IAMCS Workshop in Large-Scale Inverse Problems and Uncertainty Quantification
- Texas A&M University
- College Station, TX
- Stephen W. Hawking Auditorium
- George P. and Cynthia Woods Mitchell Institute for Fundamental Physics and Astronomy (MIST)
- Yuguang Chen, Chevron Energy Technology Company
- Uncertainty Quantification for Subsurface Flow Problems Using Coarse-Scale Models
The multiscale nature of geological formations can have a strong impact on subsurface flow processes. In an attempt to characterize these formations at all relevant length scales, highly resolved property models are typically constructed. This high degree of detail greatly complicates flow simulations and uncertainty quantification. To address this issue, a variety of computational upscaling (numerical homogenization) procedures have been developed.
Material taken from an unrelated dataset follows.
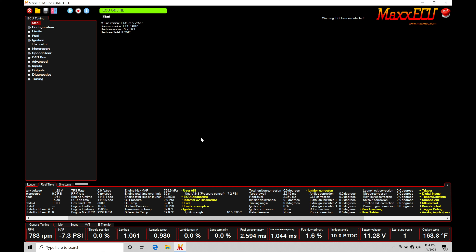Welcome to Max ECU training part 29. This video we're going to be taking a look at working with our engine failsafe protection features.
In this talk, we present a number of existing approaches, including single-phase and multiphase flow parameters. Emphasis is placed on the performance of these techniques for uncertainty quantification, where many realizations of the geological model are considered. Along these lines, an ensemble-level upscaling approach is described, in which the goal is to provide coarse models that capture flow statistics (such as the cumulative distribution function for oil production) consistent with those of the underlying fine-scale models rather than agreement on a realization-by-realization basis. Numerical results highlighting the relative advantages and limitations of the various methods are presented. In particular, the ensemble-level upscaling approach is shown to provide accurate statistical predictions at an acceptable computational cost.